Playgroups are an engaging way for children to practice getting along with others and trying new ways to play. They’re great for mums, dads, grandparents and caregivers too; offering support and social contact.
The funding comes from a highly-coveted Australian Research Council (ARC) Linkage grant, for which fewer than 40 per cent of applications were successful in this round.
Industry partner Playgroup Victoria is providing funding and in-kind support for the research to the tune of $180,000. The organisation has collaborated with ACU on four separate projects over the last five years to break new ground in understanding the nature of playgroups.
Demand for support on playgroups-in-schools within Victoria alone has quadrupled within a six-month period and, through their newly-funded research, Professor Edwards and Dr McLean are working to build a best practice framework for playgroups-in-schools, increasing capacity to advise school-leaders on key policy and practice issues.

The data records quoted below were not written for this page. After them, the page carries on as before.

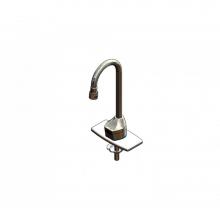 T&S Brass EC-3100-TMV4V05 - ChekPoint Elec Faucet, Deck Mount, Gooseneck, AC/DC, 0.5 gpm VR Outlet, 4'' DeckPlate, T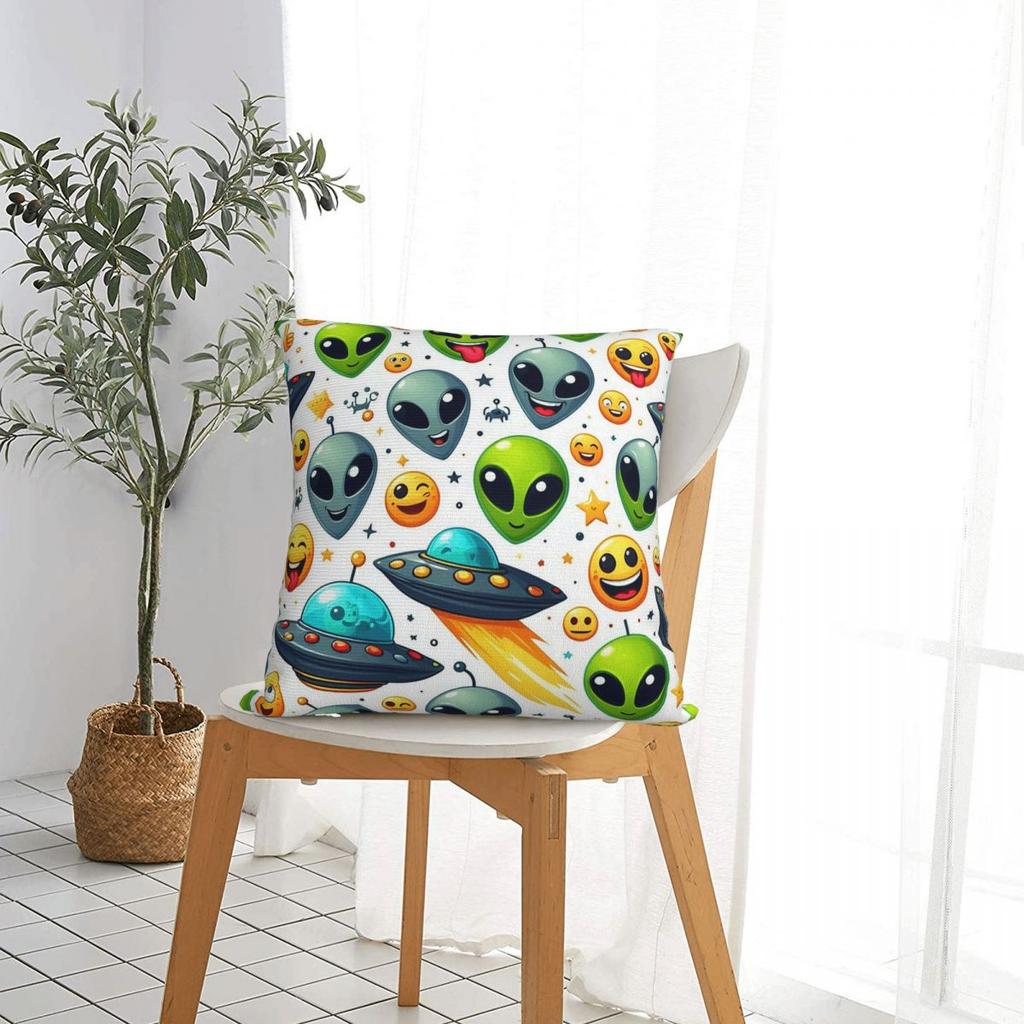 Green Alien And Ufo Pattern Square Pillowcase Cushion Cover Decorative Pillow Case Throw Pillow Cover For Home Sofa Living Room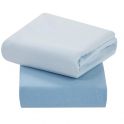 ClevaMama Jersey Cotton Fitted Sheets For Cot (60x120 cm)-Blue (3323)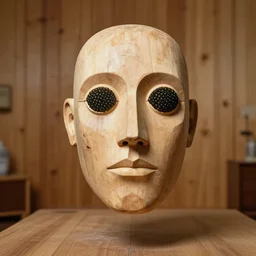 realistic photo portrait of the a sculpture of a science of wood, eyes made of caviar poorly designed in style of arte povera, fluxus, dadaism, joseph beuys, ugly made, low quality, nonprofessional, trash levitating in the wooden room 1 9 9 0, life magazine reportage photo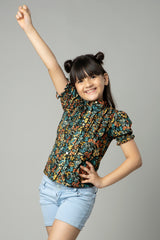 Floral Smocked Puff Sleeve Ruffle Shirt For Girls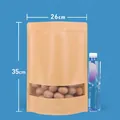 Brown Kraft paper stand-up pouch with frosted window 26x35cm for snacks and nuts storage - 100 Pieces (26x35+5cm) / Brown (Matte Style)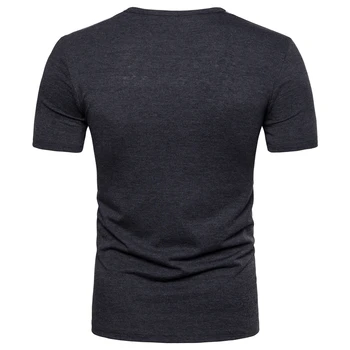 2018 Nou tricou cu mânecă scurtă de sex Masculin de imprimare model mozaic subțire O-neck bumbac elastic fermoar tricou casual barbati UE/SUA dimensiunea
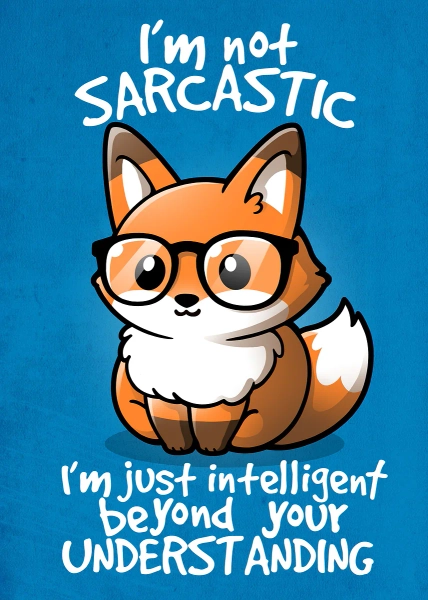 'Sarcastic fox' Poster, picture, metal print, paint by NemiMakeit Fadda | Displate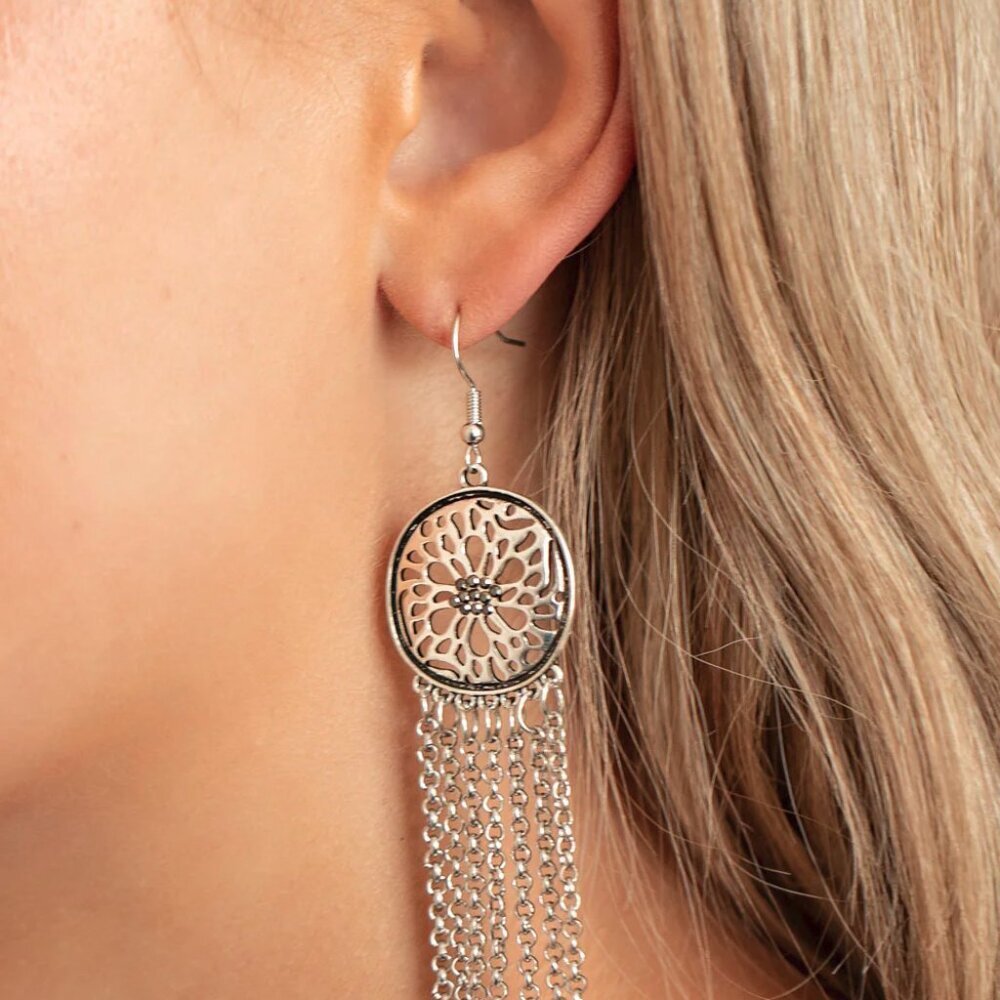 Paparazzi Jewelry Accessories - Blissfully Botanical - Silver Earrings - Vintage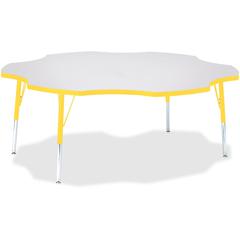Jonti-Craft Berries Elementary Height Prism Six-Leaf Table - Laminated, Yellow Top - Four Leg Base - 4 Legs - Adjustable Height - 15" to 24" Adjustment x 1.13" Table Top Thickness x 60" Table Top Diam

The research project’s vision is to introduce Australian families to school communities early, and build parents’ knowledge, skills and confidence in providing their young children with play-experiences, leading to better learning and developmental outcomes for kids as they progress through the education system.
LSIA Director Professor Claire Wyatt-Smith said this was a fantastic result for Professor Edwards, Dr McLean and the institute.
“This shows the value of their work and is powerful recognition of the fact that our research is making an impact on businesses and the community,” Professor Wyatt-Smith said.
The ARC Linkage Projects scheme is designed to promote links between universities, industry and the community.
Projects must involve a partner organisation outside the higher education sector and these partners are required to make a significant monetary contribution, in addition to ARC funding.